| Oh, certainly. You should first try to hold them accountable. If the rest of the table is more concerned with getting past the awkward confrontation than dealing with the aggressor's behavior, then you leave. I was arguing against this position: > I see lots of people saying "walk away" -- you're letting the troll win. [..] TROLLS WILL CONTINUE TROLLING AS LONG AS YOUR SILLY CLINGING TO POLITENESS MEANS YOU WON'T CONFRONT THEM. Walking away isn't just politeness and it doesn't mean you don't confront them. But this type of confrontation is not productive if there is not a consensus at the table. It devolves into the kind of situation that just makes the original victim feel smaller and worse. You end up throwing a tantrum trying to force the rest of the table to punish the aggressor. Stand up against this kind of behavior, certainly. Hopefully this will give the others at the table courage to denounce it also and make the offender unwelcome. But becoming belligerent and trying to force him to leave, as tiredofcareer seemed to suggest, is not a productive way to handle the situation. Best scenario is when you call the person out on their remarks and they apologize. Short of that, you hope everyone else makes it socially difficult for them to stay without apologizing. Worst case you leave. I also strongly disagree with this: > This isn't like high school where you can just up and walk away and get whispers going in the hallway about what happened at lunch last Tuesday, OMG! Yes, this is not highschool. We all expect to be more mature than that. If a friend of mine left a dinner saying, "I'm sorry, this behavior is not acceptable to me and I can't stay," that would make me seriously reconsider my position. This person is my friend. I value their opinion. If they are so upset that they feel they cannot in good conscience stay then I must have seriously misjudged the importance of what just happened. That is the reaction you are trying for. |
Because you're rational. Someone who doubles down on a comment about someone's tits being her weather helm for success after being lightly called on it is not rational. You can't put yourself in this guy's shoes, because you aren't that guy. I've dealt with this kind of person before, directly, with significant results.
I, personally, would make a joke at your expense after you're gone and get the rest of the table back on my side. Because I swim in the middle of this moral compass. Something like: "wonder what got under his skin, sorry about the scene, there, guys;" bam, I just got the table back on my side and now you're the idiot. I know this because I've been in this exact situation after I offended someone into leaving my company. Next thing said was "yeah, he's been testy lately, maybe he needs some time alone". We completely forgot about my poor remark that shoved him away in the first place. As much as you'd like to believe you've "sent a message" to me and the other people at the table, we've really said "what a dork" and moved on with our lives with minimal interruption.

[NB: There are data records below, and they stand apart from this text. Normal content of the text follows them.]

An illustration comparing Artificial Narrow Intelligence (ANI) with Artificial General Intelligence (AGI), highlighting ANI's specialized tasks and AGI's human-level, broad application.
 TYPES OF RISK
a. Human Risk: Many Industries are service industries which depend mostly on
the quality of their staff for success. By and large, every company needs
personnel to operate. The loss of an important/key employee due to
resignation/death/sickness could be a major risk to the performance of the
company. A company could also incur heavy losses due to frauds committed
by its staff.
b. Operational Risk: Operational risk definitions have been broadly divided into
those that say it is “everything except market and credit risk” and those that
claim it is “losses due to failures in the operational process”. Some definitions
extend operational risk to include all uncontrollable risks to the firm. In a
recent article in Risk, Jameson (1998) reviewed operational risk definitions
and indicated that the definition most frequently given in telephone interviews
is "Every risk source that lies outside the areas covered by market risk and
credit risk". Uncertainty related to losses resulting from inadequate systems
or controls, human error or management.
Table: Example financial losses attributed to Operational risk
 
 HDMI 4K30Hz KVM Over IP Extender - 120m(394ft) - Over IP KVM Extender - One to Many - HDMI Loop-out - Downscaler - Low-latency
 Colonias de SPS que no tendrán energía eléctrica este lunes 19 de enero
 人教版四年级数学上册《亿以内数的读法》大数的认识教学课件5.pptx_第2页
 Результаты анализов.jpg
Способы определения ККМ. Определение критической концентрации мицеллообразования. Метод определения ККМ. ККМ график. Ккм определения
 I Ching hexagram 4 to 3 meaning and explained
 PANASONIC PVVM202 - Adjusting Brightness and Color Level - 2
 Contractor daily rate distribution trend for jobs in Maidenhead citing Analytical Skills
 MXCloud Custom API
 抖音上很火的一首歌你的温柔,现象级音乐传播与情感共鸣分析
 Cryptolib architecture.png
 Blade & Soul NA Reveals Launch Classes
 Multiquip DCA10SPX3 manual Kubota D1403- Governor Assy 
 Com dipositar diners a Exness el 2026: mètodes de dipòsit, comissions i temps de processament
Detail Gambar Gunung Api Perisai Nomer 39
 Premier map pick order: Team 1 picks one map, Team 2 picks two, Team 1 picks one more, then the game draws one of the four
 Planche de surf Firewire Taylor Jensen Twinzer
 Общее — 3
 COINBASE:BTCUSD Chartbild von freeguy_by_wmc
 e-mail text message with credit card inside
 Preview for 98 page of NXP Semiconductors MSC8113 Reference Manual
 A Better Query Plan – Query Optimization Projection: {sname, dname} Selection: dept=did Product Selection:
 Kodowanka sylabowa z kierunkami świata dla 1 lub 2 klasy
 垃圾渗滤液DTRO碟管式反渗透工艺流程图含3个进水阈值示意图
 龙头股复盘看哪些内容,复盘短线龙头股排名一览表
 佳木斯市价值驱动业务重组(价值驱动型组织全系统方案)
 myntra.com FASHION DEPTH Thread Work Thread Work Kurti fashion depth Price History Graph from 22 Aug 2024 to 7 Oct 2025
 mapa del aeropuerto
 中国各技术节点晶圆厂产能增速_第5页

Weak people are going to do two things in that scenario: (a) not follow you from the table when you "make your stand" by fleeing, because they're not sure about it, and (b) instantly flop back to wondering what the hell is wrong with you after an ever-so-gentle shove from the original offender in your absence.
Emotional manipulation is comically easy, and after you've worked with typical Silicon Valley types for 10+ years, this is a pretty consistent roadmap.
> Best scenario is when you call the person out on their remarks and they apologize.
I don't understand what you're saying here. I'm positing that you should call the person out on the remarks and demand apology. You say the same thing in this sentence, then spend the rest of your comment explaining how I'm wrong. Making him leave is the last step of my escalation path, which I laid out in the linked comment, which it seems like you didn't read.